What now for Australia’s Solar Dawn Project?

The future of Australia’s largest solar project is in doubt after the $1.2 billion Solar Dawn projec

By Giles Parkinson

 

Solar Dawn, which proposes to build a 250MW solar thermal power plant using compact linear Fresnel reflector technology now owned by consortium leader Areva, said it was hopeful the project could still go ahead, but the status of a $464 million grant from the Australian federal government is not clear.

 

No PPA with Ergon Power

That latter grant was awarded under the government’s Solar Flagships program. The deadline for obtaining finance fell originally in December, but was extended for six months.

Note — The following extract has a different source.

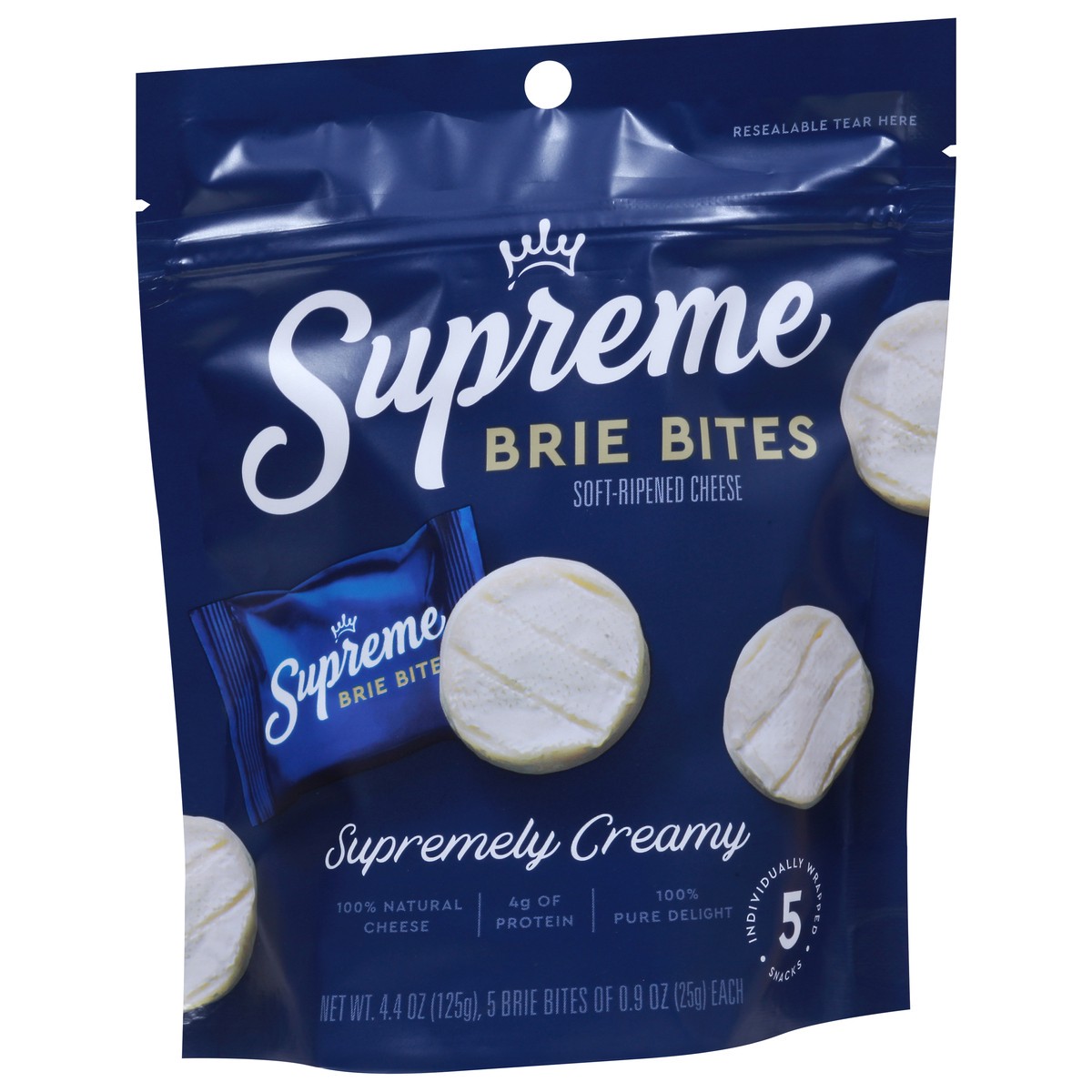 slide 9 of 13, Supreme Supremely Creamy Soft-Ripened Cheese Brie Bites 5 ea, 5 ct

However, Solar Dawn, which also included UK group Wind Prospect, was unable to negotiate a power purchase agreement (PPA) with the Queensland government-owned electricity utility Ergon Power to meet the June 30 deadline, and so could not attract bank finance.

 

Australia’s Energy Minister Martin Ferguson said he regretted the decision by the Queensland state government to withdraw its funding, and said the future of the federal grant would be decided by a newly created independent body, the Australian Renewable Energy Agency (ARENA), which is to take carriage of $3.2 billion of government grants.

 

However, ARENA only came into existence officially on July 2, and its first CEO, Ivor Frischknecht, does not start work until early August. It is yet to release its funding criteria, which it is expected to be released at the end of this month.

 

Solar Dawn project director Anthony Wiseman said discussions would continue with the Queensland government, and with ARENA. “It’s important to understand that we have not ceased work on project,” he said.

 

However, the newly elected Queensland conservative government has shown an antipathy towards clean energy grants, saying they were not needed in light of the carbon price that came into effect this week. The Queensland government has withdrawn grants from other, smaller solar projects, and threatened to cut the Solar Dawn funding earlier this year, but was unable to do so until the consortium announced it had failed to obtain a PPA.

 

Solar Dawn still the best placed for Australia

Wiseman, however, said Solar Dawn was the best placed of any large scale solar thermal project in Australia, because it had received council permissions and other approvals, and would bring 300 jobs to the state, as well as a $1.5 billion investment, including a $68 million research program at the University of Queensland.

 

Andrew Want, the head of the Australian Solar Thermal Energy Association, said the problems with the Solar Flagships programs reflected the continuing challenge of trying to close market gaps with grants-based funding programs. “Grants-based programs do not necessarily address the gaps to market,” Want said. “That was the view of the CSP industry that was put forward when the flagships program was first announced. There is clearly a role for grants, but we need to look at options that enable solar projects to realize the value of solar generation.”

 

Difficulties in securing PPAs

PPAs have been the principal blockage. Industry analysts and participants say it would be impossible to obtain a good PPA from utilities that have yet to witness the technology in action.  It has been particularly difficult encouraging utilities to write a PPA to reflect the “daytime” value of solar energy, and in the scale required. PPAs have also been difficult to obtain for wind energy producers in Australia, partly because of low wholesale electricity market prices, and partly due to uncertainty about government policy.

 

This was a problem that was struck with the solar PV component of the flagships program, when the Moree Solar consortium comprising Spain’s FRV and Australia’s Pacific Hydro could not obtain a PPA for its 150MW project in NSW. In the end, the grant was rescinded and a new grant was awarded to AGL Energy, a generator and retailer that was able to write its own PPA for its proposed 159MW project in western New South Wales.

 

“One of the main priorities in Australia is to familiarize market participants with large scale solar thermal,” Want said. “We will learn a lot from this experience about the way that a PPA market works, and the network investment rules, which provide a range of disincentives in the market. We need to work through these.”

 

Possibility of smaller grants

Areva’s Wiseman said negotiations about a PPA were continuing with Ergon and other parties. It was possible that several small agreements, rather than one large off-take agreement, could be concluded. “We are competing in quite a dynamic energy market here – the PPA is a market place which requires those parties to be diligent with those decisions.”

 

It is thought that ARENA would most likely allocate smaller grants than those contemplated by round 1 of the flagships program, but Wiseman said that Solar Dawn had not made any plans to change the specifications of the project at this stage. The project was to have been built around two 125MW modules.

 

“We have got to talk to ARENA about the pathway forward,” he said.